Virgin Islands Track & Field Federation
- Sport: Athletics
- Jurisdiction: Association
- Abbreviation: VITFF
- Founded: 1963
- Affiliation: IAAF
- Affiliation date: 1966
- Regional affiliation: NACAC
- Headquarters: Christiansted, St. Croix
- President: Ronald Russell
- Secretary: Wallace Williams

Official website
- vitrackandfield.com
- United States Virgin Islands

= Virgin Islands Track & Field Federation =

The Virgin Islands Track & Field Federation (VITFF) is the governing body for the sport of athletics in the United States Virgin Islands.
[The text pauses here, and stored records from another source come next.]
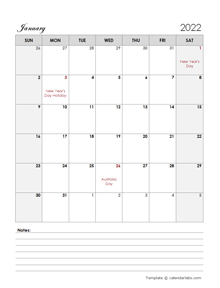 2022 Australia Calendar Template Large Boxes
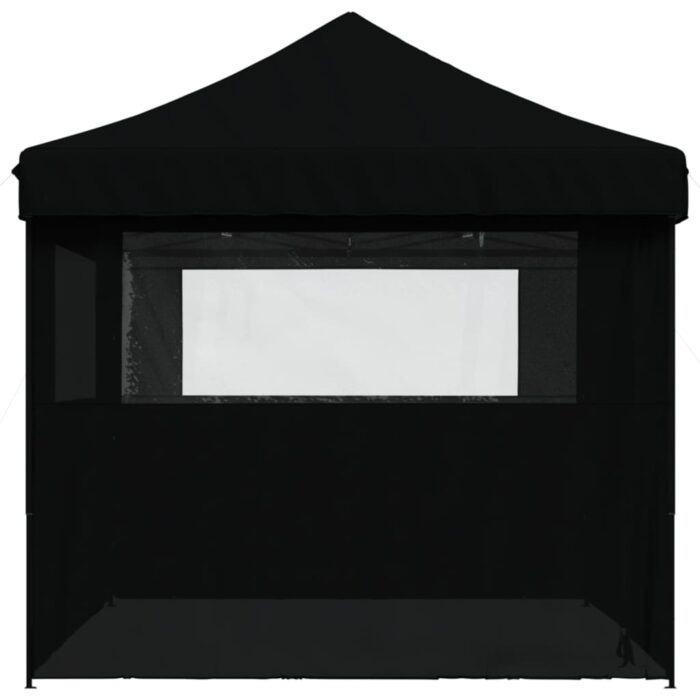 Tente de réception pliable escamotable 4 parois latérales noir – Image 2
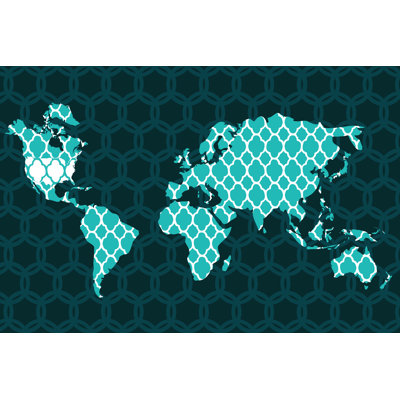 Teal America Patterned - Wrapped Canvas Art Prints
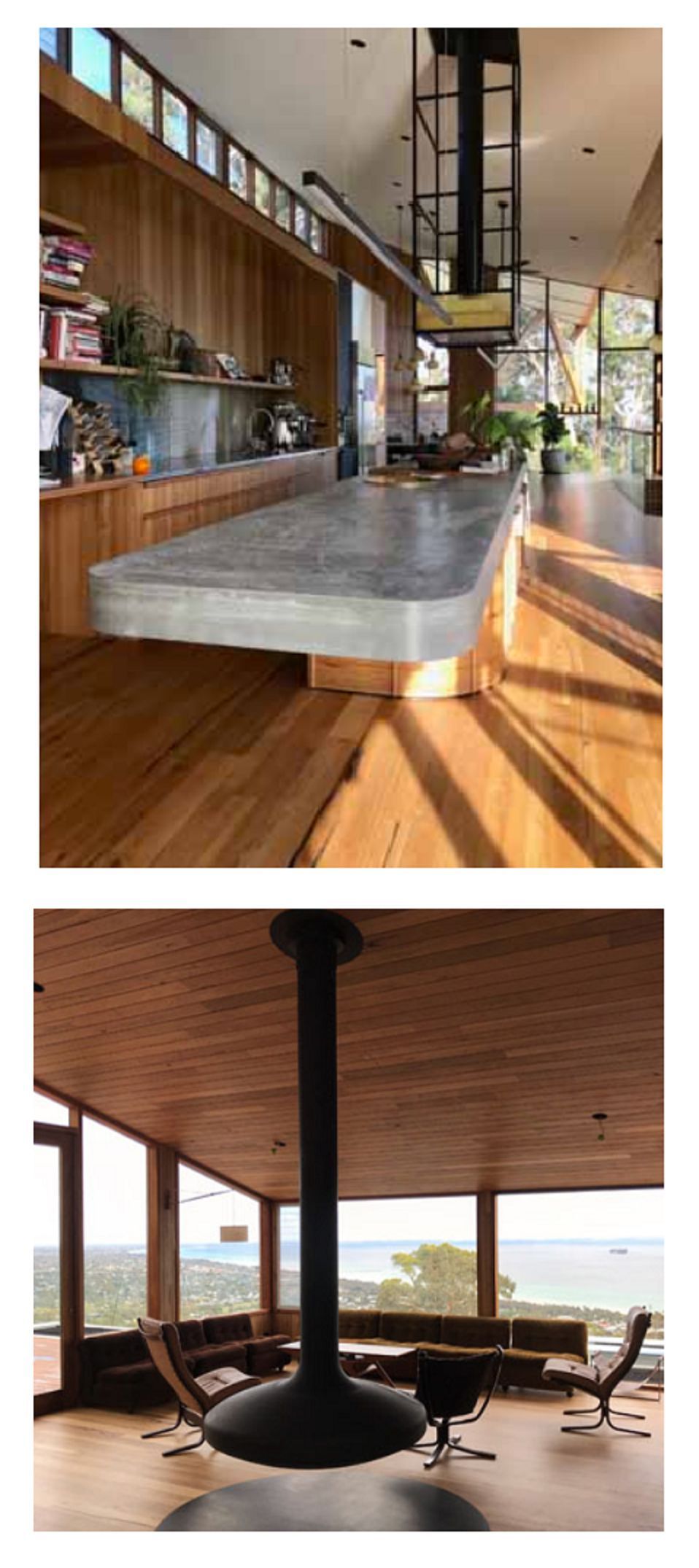 Long, Modern Kitchen with Wood Cabinetry and Concrete Countertop — On The Rise Builders in North Arm, QLD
Current president is Ronald Russell.

== History ==
VITFF was founded in 1963 and was affiliated to the IAAF in 1966.

== Affiliations ==
VITFF is the national member federation for the United States Virgin Islands in the following international organisations:
- International Association of Athletics Federations (IAAF)
- North American, Central American and Caribbean Athletic Association (NACAC)
- Association of Panamerican Athletics (APA)
- Central American and Caribbean Athletic Confederation (CACAC)
- Leeward Islands Athletics Association (LIAA)
Moreover, it is part of the following national organisations:
- Virgin Islands Olympic Committee (VIOC)

== National records ==
VITFF maintains the United States Virgin Islands records in track and field.